In questa commedia, la politica è costretta ad allearsi con il carnefice nel momento in cui tratta e negozia accordi. È talmente sedotta dal ricatto occupazionale ed economico che non riuscirebbe ad aprire alcun conflitto con le multinazionali, seppure lo volesse. Sappiamo tuttavia che le istituzioni e i cosiddetti rappresentanti del popolo non hanno alcuna intenzione di aprire conflitti, perché le istituzioni sono sovrastruttura – per dirla sempre con Marx – dell’economia capitalista.

E dunque, che fare? Dobbiamo ricorrere nuovamente al filosofo tedesco, aiutandoci con il suo concetto di “sussunzione”. Le forze e i movimenti politici, le organizzazioni civiche che intendano davvero dare una svolta all’economia e alla società lucana, nei limiti, purtroppo, consentiti dal contesto normativo – capitalistico – nazionale e internazionale, devono fare una scelta. Stare col fiato sul collo alle compagnie petrolifere e ai signori dell’inquinamento con continui controlli sul loro operato è utile e necessario. Tuttavia, non basta. Occorre lavorare sulla presa di coscienza collettiva dei cittadini. Di quelli che sanno bene di essere sfruttati in un rapporto di costrizione: è la “sussunzione formale” di cui parla Marx a proposito dello sfruttamento dei lavoratori. Questi cittadini si sottomettono solo formalmente alle compagnie petroliere, consapevoli dell’esistenza di un rapporto dominio-sfruttamento, però non hanno la forza di ribellarsi. Ma anche, e soprattutto, di quei cittadini, che vedendosi migliorate le condizioni economiche nell’immediato, si sottomettono realmente alle multinazionali, inconsapevoli di essere sfruttati (“sussunzione reale”). Oggi la contestazione, non ancora ribellione, è inquadrata in una cornice dialettica asimmetrica, “tecnicistica”, che esclude la maggioranza dei cittadini dalla partecipazione, specie di quelli inconsapevolmente sfruttati.

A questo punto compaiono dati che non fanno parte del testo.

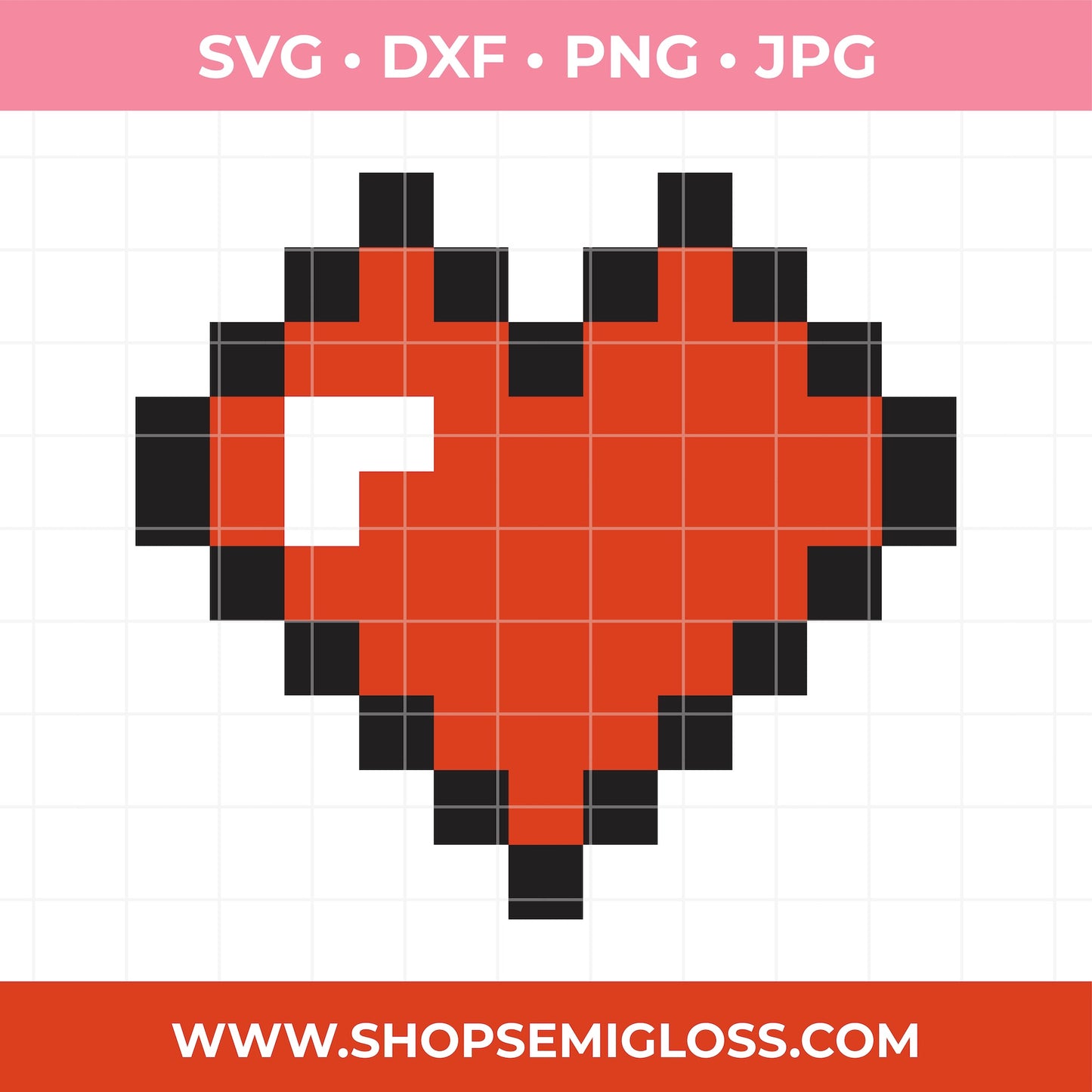 Pixelated heart design with black outlines on a white background, featuring file format options and a website URL.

La stessa politica e le istituzioni concentrano i loro giudizi e le loro scelte sulle istanze prodotte dalle condizioni di “sussunzione reale”, assecondandole ed elevandole a interesse pubblico e generale. “Oro nero ricchezza”. “Tutelare l’ambiente e sfruttare il petrolio”.

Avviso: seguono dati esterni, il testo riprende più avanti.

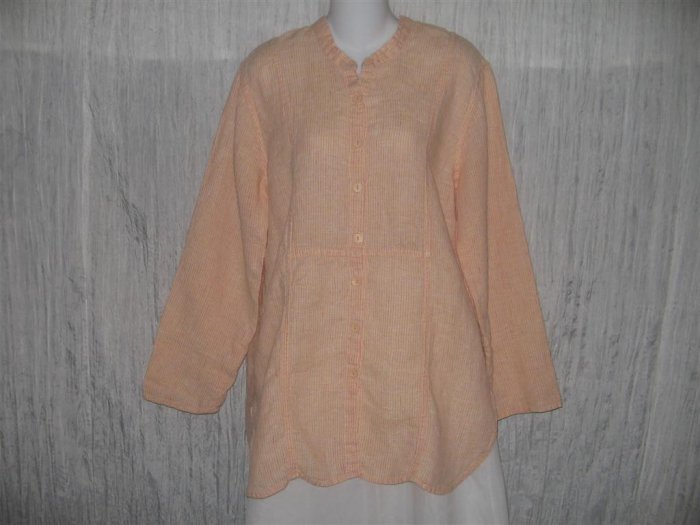 Jeanne Engelhart FLAX Orange Grid Linen Button Tunic Top Shirt Small S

Occorre, al contrario, che movimenti più radicali e “rivoluzionari” agiscano nello spazio politico possibile che si apre tra i cittadini consapevoli di essere sfruttati in modo da aprire anche spazi tra coloro che, inconsapevoli, si identificano con il sistema di sfruttamento ritenendo necessario, e addirittura normale, inquinamento e depauperamento delle risorse naturali. Eni, Total e altri, producono costantemente condizioni di sussunzione reale. E sono queste condizioni che vanno rimosse e combattute. Ecco perché, accanto all’ambientalismo delle analisi chimiche occorre una movimentazione sociale per l’azione politica a centralità giovanile.